Devin Timothy Soane Asiasi (born August 14, 1997) is an American football tight end for the Cincinnati Bengals of the National Football League (NFL). He played college football at UCLA. He was drafted by the New England Patriots in the third round of the 2020 NFL Draft.

High school career
Born in San Mateo, California and raised in the Shoreview community, Asiasi played high school football on both offense and defense at De La Salle High School in Concord, California. During his senior season, he hauled in 17 catches for 311 yards and five touchdowns on offense, and finished with 49 tackles, five pass breakups and four sacks on defense. He participated in the 2016 U.S. Army All-American Bowl.

He was rated as a four-star prospect by ESPN.com, Rivals.com, and Scout.com, and was ranked by ESPN as the No. 3 tight end in college football's incoming Class of 2016 and the No. 44 overall player in the 2016 ESPN 300.

College career

Michigan
Asiasi was personally recruited by Michigan head coach Jim Harbaugh during a visit to De La Salle High School in January 2016. On February 3, 2016, he committed to play college football for the Michigan Wolverines.

On September 24, 2016, Asiasi scored his first college touchdown in a victory over Penn State.
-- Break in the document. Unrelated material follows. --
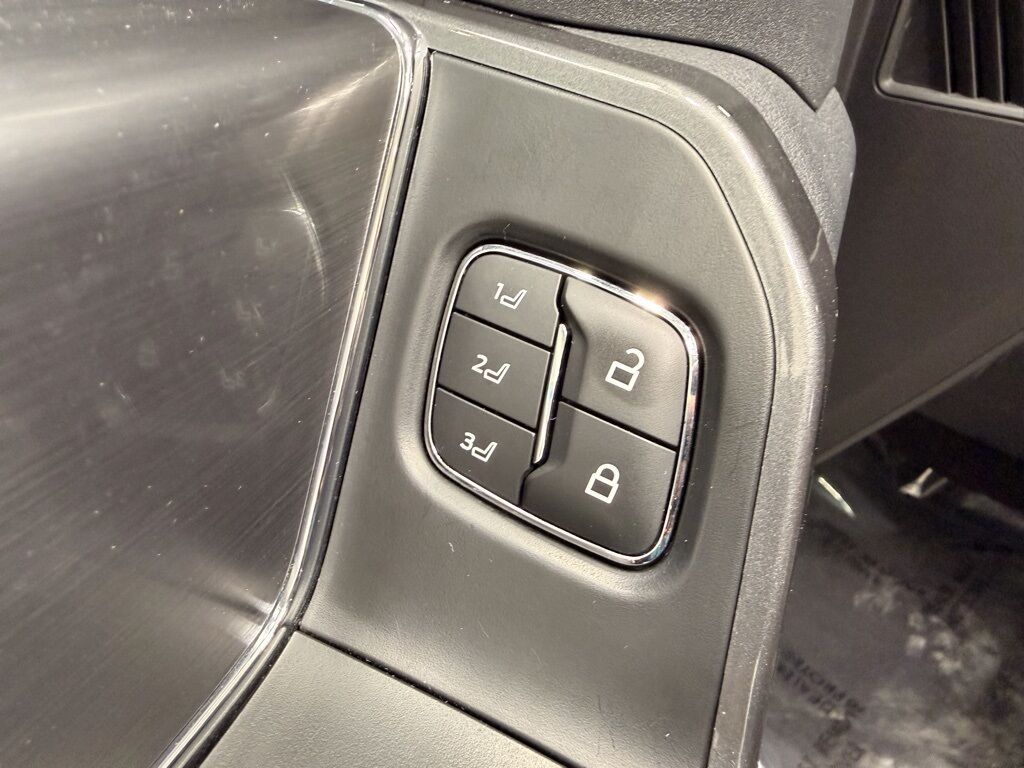 2023 Ford F-150 4x4 SuperCrew Lariat Minocqua WI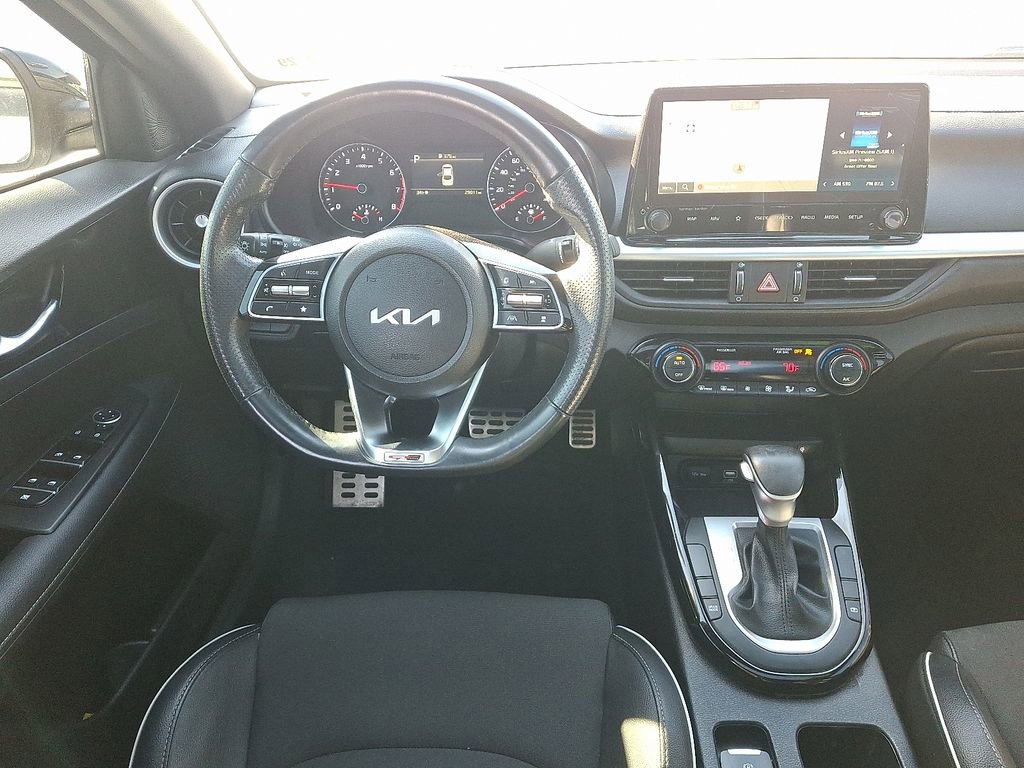 Used 2024 Kia Forte GT-Line w/ GT-Line Premium Package image 11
He finished the season with two catches for 18 yards and one touchdown.

Following his freshman season, Asiasi transferred to UCLA. He transferred to be closer to his home in San Mateo, California.

UCLA
After sitting out the 2017 season due to transfer rules, Asiasi made his debut for the Bruins in 2018. He finished the season with six receptions for 130 yards and one touchdown.

He saw a much greater role in 2019, playing in 12 games and netting 44 receptions for 641 yards and 4 touchdowns. He had 141 yards against USC, his first 100-yard game.

Statistics

Professional career

New England Patriots
Asiasi was selected in the third round of the 2020 NFL Draft by the New England Patriots with the 91st overall pick. He was placed on injured reserve on November 3, 2020. Asiasi was activated off of injured reserve on December 10. During the Patriots' Week 17 game against the New York Jets on January 3, 2021, Asiasi recorded the first two receptions of his career and his first receiving touchdown during the 28–14 win.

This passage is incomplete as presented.